A Fundação Procon-SP alerta: preste muita atenção à diferença de preços de medicamentos nas farmácias.

Pesquisa feita pela fundação em 15 farmácias da cidade de São Paulo aponta variação de até 849% entre preços de remédios. O levantamento compara os preços entre os genéricos e de referência, bem como compara a média dos preços entre eles.

Entre os genéricos, a maior variação foi de 849,09% no Paracetamol, 200 mg/ml, gotas, 15ml. Esse medicamento foi encontrado em um estabelecimento por R$ 10,44 e em outro por R$ 1,10.

Entre os de referência, a maior variação está no Zentel (ou seja, o Albendazol), do fabricante Glaxosmithkline, 400 mg, 1 comprimido mastigável.

Em uma drogaria foi encontrado por R$ 12,88, enquanto em outra, por R$ 3,92, o que representa variação de 228,57%.

Na média, na capital, foi constatado que os medicamentos genéricos são 59,82% mais baratos do que os de referência, o que representa grande economia para o consumidor.

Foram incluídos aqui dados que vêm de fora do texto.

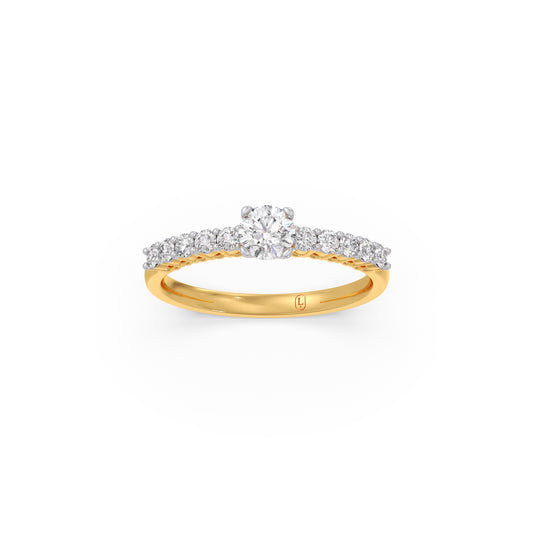 Delicate Diamond Engagement Ring - Yellow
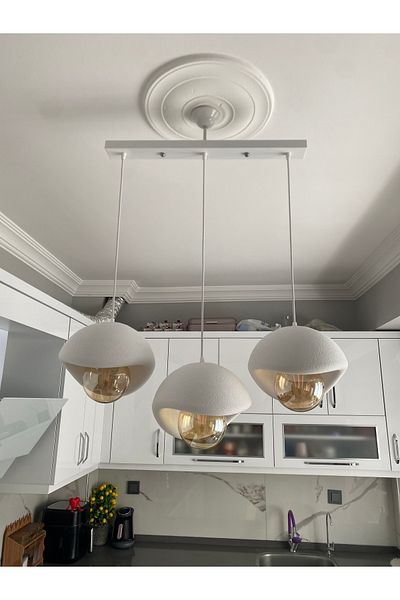 DREAM MODE Caka 3-Piece Pendant Lamp Chandelier with Tray Rustic E27 Modern Chandelier Concrete Appearance Bohemian (with Rustic Bulb Gift)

No interior e litoral paulista, a pesquisa abrangeu 97 farmácias em 13 cidades.

Assim como na capital, o vilão foi o genérico Paracetamol, com 960% de variação, na cidade de Marília.

Segundo o Procon-SP, vários fatores são determinantes de preço neste segmento de mercado.

Por isso, de acordo com Cristina Martinussi, supervisora de Pesquisas da Fundação Procon-SP, há necessidade de pesquisa criteriosa: “a gente sempre orienta que ele deve sempre buscar descontos junto a drogaria, verificar se há cartão-fidelidade, se há desconto por laboratório, ou por plano de saúde”.

Outro auxílio ao consumidor está na lista de Preços Máximos dos medicamentos, disponível no site da ANVISA: www.anvisa.gov.br.

A consulta também poderá ser efetuada nas listas de preços que devem estar disponíveis nas farmácias e drogarias.